Exercise objective:
All that should come back is the lines of the data below from the one containing "Hi everyone, I'm" to the one containing "There's a lot", inclusive, exactly as they stand.

Provided records:
====================

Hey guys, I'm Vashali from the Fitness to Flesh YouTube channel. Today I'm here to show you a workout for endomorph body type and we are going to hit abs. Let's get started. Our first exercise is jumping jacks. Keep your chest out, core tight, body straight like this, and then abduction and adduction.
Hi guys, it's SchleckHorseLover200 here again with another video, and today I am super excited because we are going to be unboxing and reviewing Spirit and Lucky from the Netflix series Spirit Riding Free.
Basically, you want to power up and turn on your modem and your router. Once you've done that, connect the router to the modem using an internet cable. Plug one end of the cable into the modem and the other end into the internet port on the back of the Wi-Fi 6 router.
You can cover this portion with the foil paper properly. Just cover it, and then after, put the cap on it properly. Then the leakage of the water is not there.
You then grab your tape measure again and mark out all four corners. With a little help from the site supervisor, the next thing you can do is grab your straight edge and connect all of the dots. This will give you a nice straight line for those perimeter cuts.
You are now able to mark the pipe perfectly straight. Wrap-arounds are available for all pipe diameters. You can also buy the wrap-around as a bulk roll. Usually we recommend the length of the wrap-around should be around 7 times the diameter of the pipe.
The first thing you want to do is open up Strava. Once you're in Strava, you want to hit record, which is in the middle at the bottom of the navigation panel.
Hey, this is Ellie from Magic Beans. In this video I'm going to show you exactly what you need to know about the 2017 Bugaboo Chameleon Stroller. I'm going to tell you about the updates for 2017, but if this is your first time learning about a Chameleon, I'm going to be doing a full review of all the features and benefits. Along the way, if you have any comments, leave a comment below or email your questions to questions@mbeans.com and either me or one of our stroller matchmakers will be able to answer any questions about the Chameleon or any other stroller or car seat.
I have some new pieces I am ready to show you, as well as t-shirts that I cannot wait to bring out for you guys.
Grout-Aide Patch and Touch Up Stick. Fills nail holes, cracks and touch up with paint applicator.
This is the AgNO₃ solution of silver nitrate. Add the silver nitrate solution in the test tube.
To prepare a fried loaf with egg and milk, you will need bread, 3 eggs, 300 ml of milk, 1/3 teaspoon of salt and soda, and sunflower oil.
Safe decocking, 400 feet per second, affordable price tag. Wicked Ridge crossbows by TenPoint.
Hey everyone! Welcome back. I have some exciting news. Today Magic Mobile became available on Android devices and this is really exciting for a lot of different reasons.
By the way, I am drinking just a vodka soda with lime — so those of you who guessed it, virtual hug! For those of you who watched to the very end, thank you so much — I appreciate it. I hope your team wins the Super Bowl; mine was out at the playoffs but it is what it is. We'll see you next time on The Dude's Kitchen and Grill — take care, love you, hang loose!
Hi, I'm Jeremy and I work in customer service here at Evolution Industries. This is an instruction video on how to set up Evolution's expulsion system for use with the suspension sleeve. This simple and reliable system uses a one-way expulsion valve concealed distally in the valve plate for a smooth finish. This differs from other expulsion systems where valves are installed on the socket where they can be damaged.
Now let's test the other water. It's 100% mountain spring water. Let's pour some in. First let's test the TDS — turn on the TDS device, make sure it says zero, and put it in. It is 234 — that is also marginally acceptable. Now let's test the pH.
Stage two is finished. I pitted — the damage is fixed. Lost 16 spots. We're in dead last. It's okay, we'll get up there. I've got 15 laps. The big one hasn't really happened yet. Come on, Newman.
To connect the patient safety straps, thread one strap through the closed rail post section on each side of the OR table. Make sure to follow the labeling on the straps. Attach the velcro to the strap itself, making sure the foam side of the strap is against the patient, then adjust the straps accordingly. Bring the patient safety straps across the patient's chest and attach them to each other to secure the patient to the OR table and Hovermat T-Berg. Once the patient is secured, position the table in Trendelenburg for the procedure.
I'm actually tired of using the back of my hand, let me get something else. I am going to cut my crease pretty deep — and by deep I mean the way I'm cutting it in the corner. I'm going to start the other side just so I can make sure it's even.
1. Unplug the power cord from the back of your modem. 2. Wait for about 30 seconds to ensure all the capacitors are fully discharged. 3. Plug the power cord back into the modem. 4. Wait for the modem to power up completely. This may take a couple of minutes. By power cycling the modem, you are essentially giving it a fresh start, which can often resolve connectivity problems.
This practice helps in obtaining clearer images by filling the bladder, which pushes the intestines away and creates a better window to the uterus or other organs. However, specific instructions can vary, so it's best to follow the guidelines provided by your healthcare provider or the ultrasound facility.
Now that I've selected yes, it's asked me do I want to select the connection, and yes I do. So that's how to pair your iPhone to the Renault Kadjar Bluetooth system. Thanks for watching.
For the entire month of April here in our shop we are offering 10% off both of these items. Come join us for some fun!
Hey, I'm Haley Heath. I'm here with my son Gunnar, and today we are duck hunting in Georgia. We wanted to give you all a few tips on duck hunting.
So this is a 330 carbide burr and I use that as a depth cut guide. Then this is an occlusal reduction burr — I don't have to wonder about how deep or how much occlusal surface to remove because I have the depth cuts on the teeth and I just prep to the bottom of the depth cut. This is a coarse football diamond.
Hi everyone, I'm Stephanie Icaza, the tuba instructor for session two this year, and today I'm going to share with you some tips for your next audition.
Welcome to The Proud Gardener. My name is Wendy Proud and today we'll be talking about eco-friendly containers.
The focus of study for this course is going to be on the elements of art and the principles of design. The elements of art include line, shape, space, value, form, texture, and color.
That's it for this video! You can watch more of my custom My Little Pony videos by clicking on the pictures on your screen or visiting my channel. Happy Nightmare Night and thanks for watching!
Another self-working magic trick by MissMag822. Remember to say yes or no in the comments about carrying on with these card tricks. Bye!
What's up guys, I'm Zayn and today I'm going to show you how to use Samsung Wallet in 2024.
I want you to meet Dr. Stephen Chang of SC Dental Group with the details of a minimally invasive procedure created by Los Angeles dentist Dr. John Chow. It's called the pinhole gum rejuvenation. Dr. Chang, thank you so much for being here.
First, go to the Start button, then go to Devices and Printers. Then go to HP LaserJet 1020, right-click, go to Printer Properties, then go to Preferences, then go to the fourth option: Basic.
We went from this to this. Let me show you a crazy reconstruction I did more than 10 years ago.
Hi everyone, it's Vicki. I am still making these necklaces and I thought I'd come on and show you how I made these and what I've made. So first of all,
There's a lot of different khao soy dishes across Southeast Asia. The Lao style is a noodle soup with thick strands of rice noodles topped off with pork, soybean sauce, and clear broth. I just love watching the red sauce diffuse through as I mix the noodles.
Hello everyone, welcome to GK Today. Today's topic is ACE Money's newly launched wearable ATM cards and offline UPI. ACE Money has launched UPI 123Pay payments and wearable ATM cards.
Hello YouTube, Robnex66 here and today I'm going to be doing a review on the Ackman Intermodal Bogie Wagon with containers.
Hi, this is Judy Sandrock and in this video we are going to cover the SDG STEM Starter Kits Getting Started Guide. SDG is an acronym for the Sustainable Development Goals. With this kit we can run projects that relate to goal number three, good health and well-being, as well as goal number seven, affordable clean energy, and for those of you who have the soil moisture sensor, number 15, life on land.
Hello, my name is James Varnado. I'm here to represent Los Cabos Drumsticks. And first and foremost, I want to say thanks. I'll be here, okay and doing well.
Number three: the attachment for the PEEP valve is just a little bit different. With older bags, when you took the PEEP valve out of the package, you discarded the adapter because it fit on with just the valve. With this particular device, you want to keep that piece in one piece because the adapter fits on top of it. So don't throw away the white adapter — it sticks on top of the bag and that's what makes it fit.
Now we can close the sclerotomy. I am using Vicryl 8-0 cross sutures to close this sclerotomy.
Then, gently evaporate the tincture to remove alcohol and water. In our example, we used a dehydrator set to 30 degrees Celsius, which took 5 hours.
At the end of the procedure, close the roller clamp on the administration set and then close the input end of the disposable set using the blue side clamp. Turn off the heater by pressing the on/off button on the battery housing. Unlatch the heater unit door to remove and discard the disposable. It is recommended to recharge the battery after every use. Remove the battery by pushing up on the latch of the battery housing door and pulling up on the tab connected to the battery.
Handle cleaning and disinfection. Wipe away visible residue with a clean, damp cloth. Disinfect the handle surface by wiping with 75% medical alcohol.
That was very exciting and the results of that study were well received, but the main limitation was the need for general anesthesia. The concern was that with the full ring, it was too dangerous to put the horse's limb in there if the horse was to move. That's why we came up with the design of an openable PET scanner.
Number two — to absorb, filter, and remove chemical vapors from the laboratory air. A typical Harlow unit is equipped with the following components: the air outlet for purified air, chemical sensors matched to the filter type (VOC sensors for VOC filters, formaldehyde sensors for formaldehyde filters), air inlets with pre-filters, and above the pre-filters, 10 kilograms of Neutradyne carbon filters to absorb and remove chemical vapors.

====================

Answer to the problem:
Hi everyone, I'm Stephanie Icaza, the tuba instructor for session two this year, and today I'm going to share with you some tips for your next audition.
Welcome to The Proud Gardener. My name is Wendy Proud and today we'll be talking about eco-friendly containers.
The focus of study for this course is going to be on the elements of art and the principles of design. The elements of art include line, shape, space, value, form, texture, and color.
That's it for this video! You can watch more of my custom My Little Pony videos by clicking on the pictures on your screen or visiting my channel. Happy Nightmare Night and thanks for watching!
Another self-working magic trick by MissMag822. Remember to say yes or no in the comments about carrying on with these card tricks. Bye!
What's up guys, I'm Zayn and today I'm going to show you how to use Samsung Wallet in 2024.
I want you to meet Dr. Stephen Chang of SC Dental Group with the details of a minimally invasive procedure created by Los Angeles dentist Dr. John Chow. It's called the pinhole gum rejuvenation. Dr. Chang, thank you so much for being here.
First, go to the Start button, then go to Devices and Printers. Then go to HP LaserJet 1020, right-click, go to Printer Properties, then go to Preferences, then go to the fourth option: Basic.
We went from this to this. Let me show you a crazy reconstruction I did more than 10 years ago.
Hi everyone, it's Vicki. I am still making these necklaces and I thought I'd come on and show you how I made these and what I've made. So first of all,
There's a lot of different khao soy dishes across Southeast Asia. The Lao style is a noodle soup with thick strands of rice noodles topped off with pork, soybean sauce, and clear broth. I just love watching the red sauce diffuse through as I mix the noodles.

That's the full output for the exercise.